What to work on => Your output should reproduce each entry exactly, with none of its pictures.

=== Section Start ===

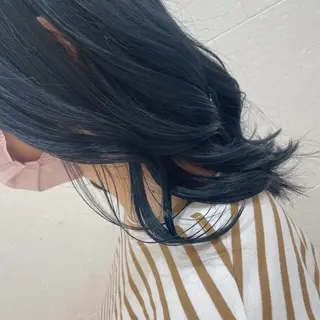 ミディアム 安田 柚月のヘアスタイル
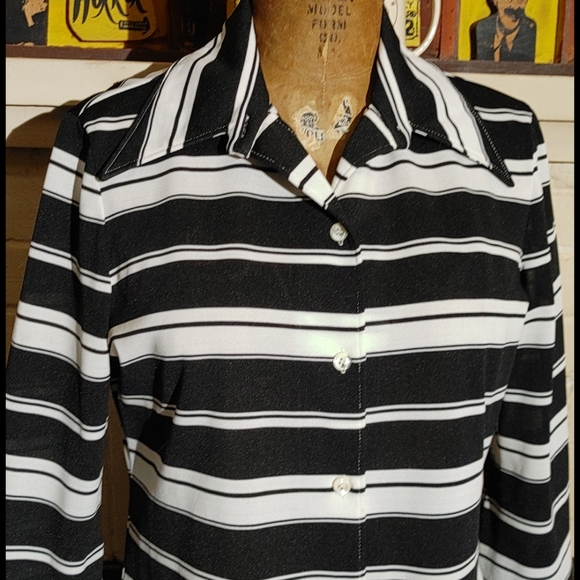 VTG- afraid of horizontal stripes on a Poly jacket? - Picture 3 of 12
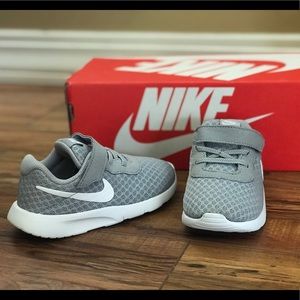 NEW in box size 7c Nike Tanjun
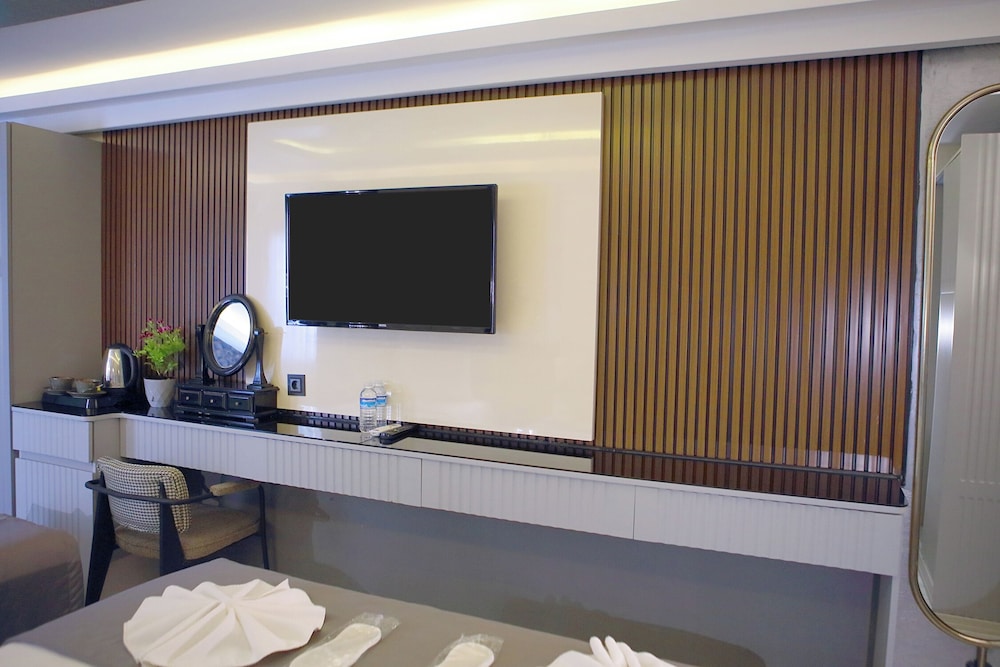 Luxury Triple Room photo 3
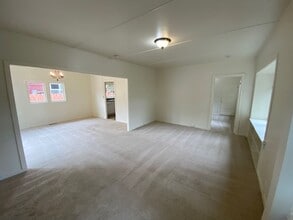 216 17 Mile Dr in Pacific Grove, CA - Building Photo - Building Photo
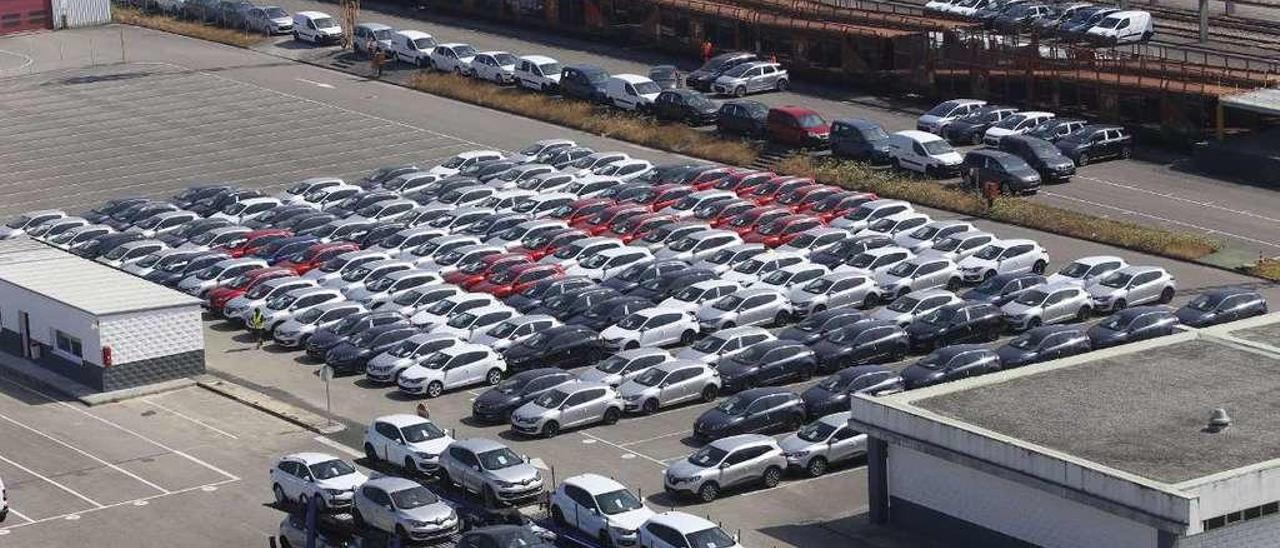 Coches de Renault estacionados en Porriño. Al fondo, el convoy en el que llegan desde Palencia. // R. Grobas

=== Section End ===

Reply =>
 ミディアム 安田 柚月のヘアスタイル
 VTG- afraid of horizontal stripes on a Poly jacket? - Picture 3 of 12
 NEW in box size 7c Nike Tanjun
 Luxury Triple Room photo 3
 216 17 Mile Dr in Pacific Grove, CA - Building Photo - Building Photo
 Coches de Renault estacionados en Porriño. Al fondo, el convoy en el que llegan desde Palencia. // R. Grobas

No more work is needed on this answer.